One of the wordiest quarrels of our time—and one of the saddest—has been the result. Endless disputation by opposing
groups among the British, by Arabs and Zionists and anti-Zionists, by White Papers, by the Permanent Mandates Commission, by some seventeen Commissions of Inquiry; hours, even weeks, of Parliamentary debate, countless books, columns in the press, reports, mass meetings, legal briefs, have all quite failed to pin down for history exactly what the British intended the future fate of Palestine to be. The fact is they hardly knew themselves. They certainly intended that Palestine should come under British control and that France should be kept out. But as to what form that control should take they were never too specific. They rather hoped that time would work it out. Meanwhile the various negotiators each followed his own bent. What Colonel Lawrence intended was rather more sweeping than what his chief at the Arab Bureau, Sir Henry MacMahon, intended; what Sir Mark Sykes intended was never entirely clear to anybody for long and tended to veer according to whether he was dealing with the French, the Arabs, or the Zionists; nor are we quite sure that what the Foreign Secretary intended was what the Prime Minister intended. Indeed, we can be sure that it was not. Balfour’s eye was on the revival of Israel, Lloyd George’s on containing the French.

All that we can tell is what happened. At the outbreak of war Sir Herbert Samuel, the future first high commissioner for Palestine, was a member of Asquith’s government. According to his account he felt it incumbent on himself, as the first Jewish Cabinet minister, to learn about the Zionist movement, and after some study he emerged favorably disposed. In November 1914, after the Turks’ entrance into the war, he talked over the possibilities with Sir Edward Grey, then foreign secretary, and Lloyd George, then at the Exchequer. He argued that England should take the lead in supporting the project because the geographical situation of Palestine made it important to the British Empire to have friendly inhabitants there. Grey showed “a strongly sentimental attraction” for the
plan and Lloyd George was “very keen” on it. The advisability of securing Russia’s support in an attempt to regain for the hard-pressed Czar the loyalty of the Russian Jews was discussed, likewise the probable attitude of France. Grey warned that when France came to put forward her claims in Syria, Britain should be careful not to acquiesce in any that might be “inconsistent with the creation of a Jewish state in Palestine.” The wording shows that these earliest talks were in terms of a “state,” not a “home.”

On the strength of this conversation Grey, through his ambassador in Petrograd, asked for the support of the Russian government, but received no encouragement.

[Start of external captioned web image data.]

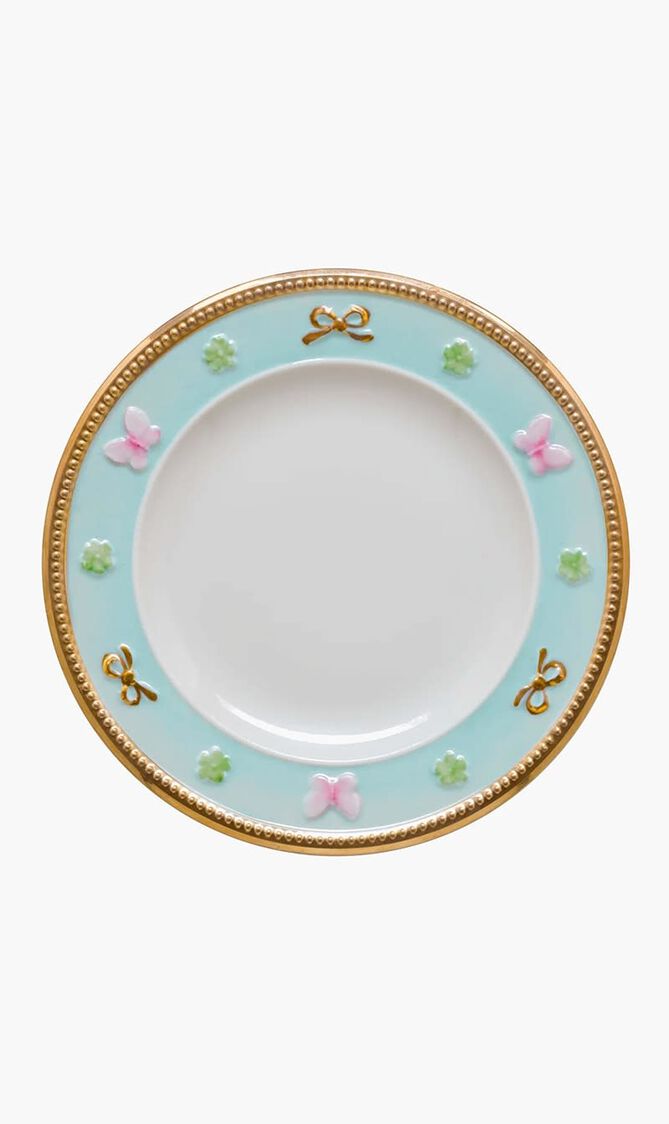 Butterfly Bread Plate Round Blue 17cm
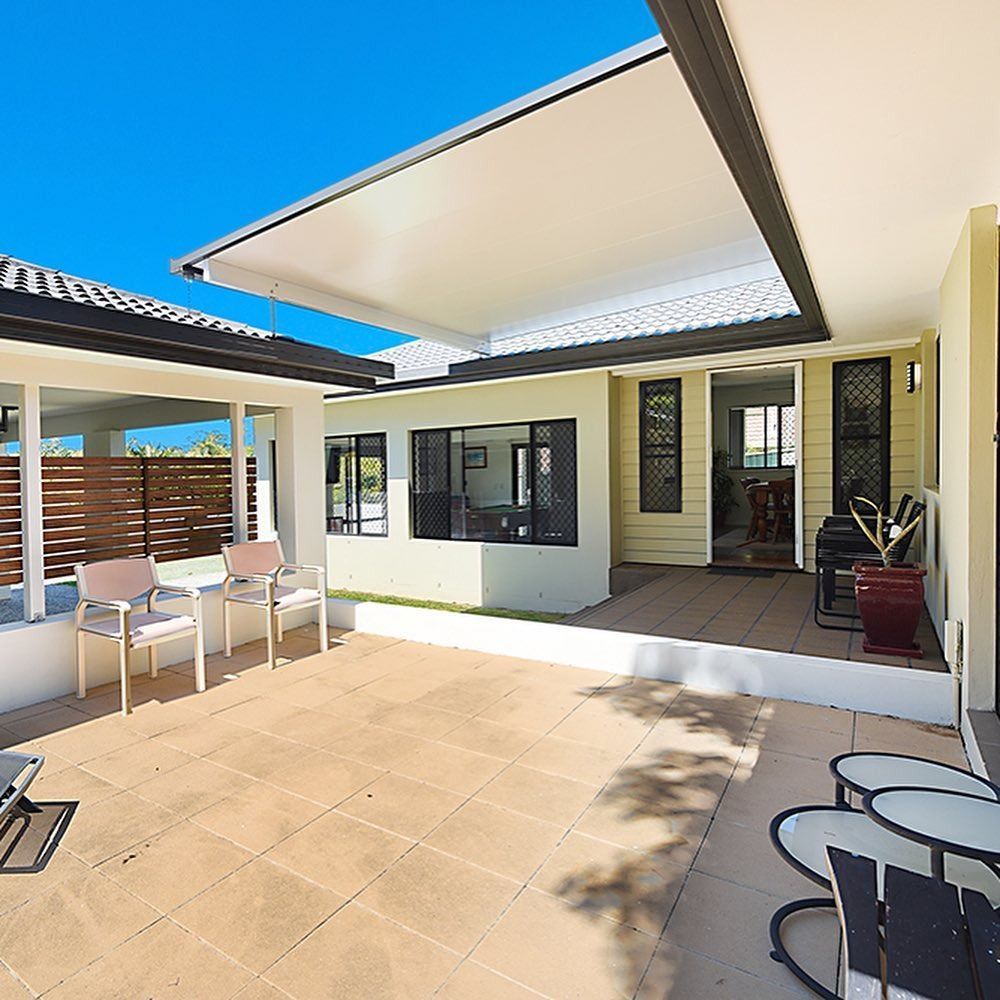 Modern House Exterior With a Spacious Patio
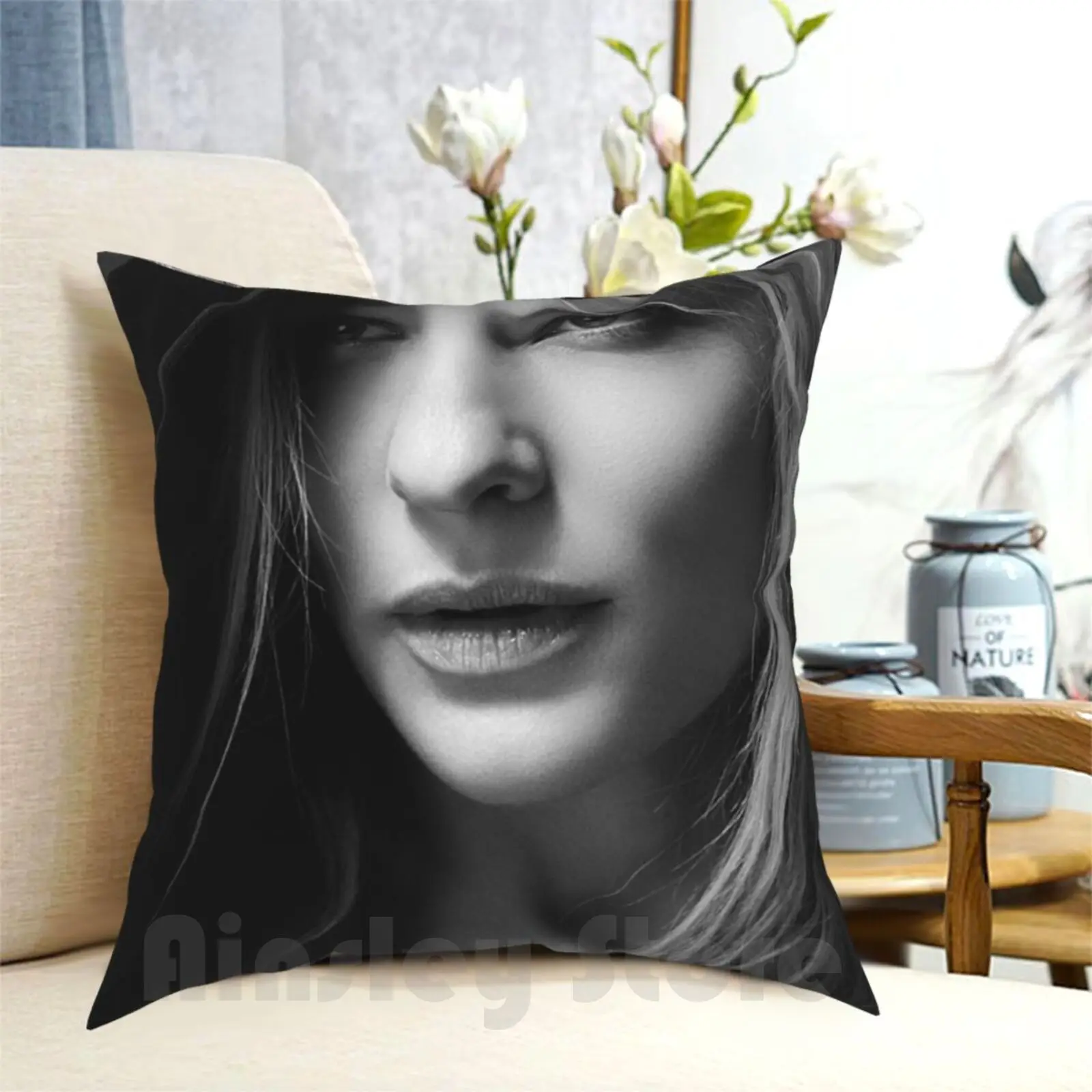 Cate Blanchett Pillow Case Printed Home Soft DIY Pillow cover Cate Blanchett Cate Blanchett Cate Blanchett Cate Blanchet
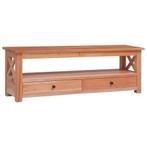 vidaXL Tv-meubel 120x30x40 cm massief mahoniehout, 100 tot 150 cm, Verzenden, Nieuw, Minder dan 100 cm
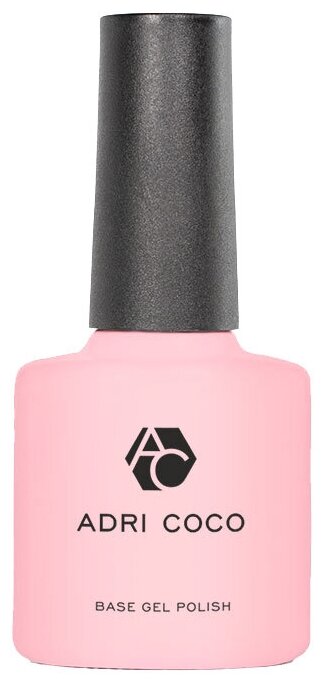 ADRICOCO Базовое покрытие Base Gel Polish, бесцветный, 8 мл, 8 г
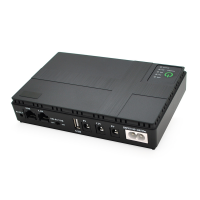ИБП UPS-18W DC1018P для роутеров/коммутаторов/PON/POE-430, 5//9/12V, 1A, 10400MAh(4*2600MAh), Black, BOX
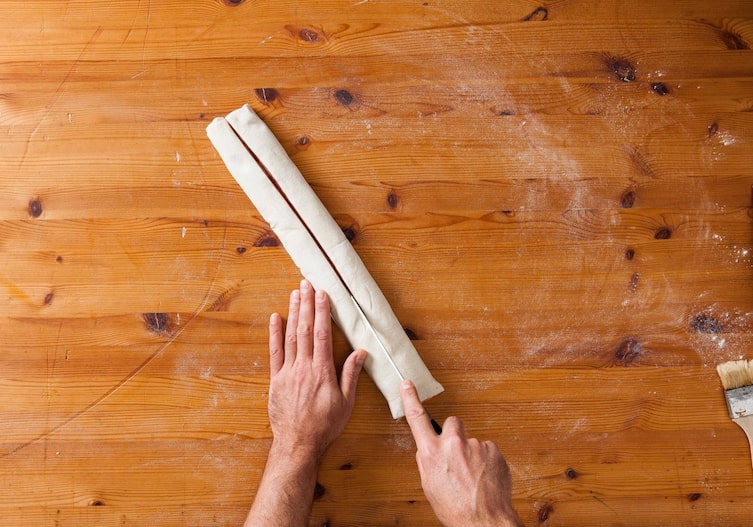 Blätterteigrolle, Messer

Meanwhile there entered into the act one who was to play a galvanizing yet a background role: C. P. Scott, the respected editor of the
Manchester Guardian
. He had met Weizmann shortly after the outbreak of war, had acquainted himself thoroughly with the Zionist aims, and quietly but persistently thereafter saw to it that Weizmann and his colleagues met the key people in Whitehall; and his paper kept the problem in the public mind. In December Scott brought Weizmann to London to meet Lloyd George and Samuel.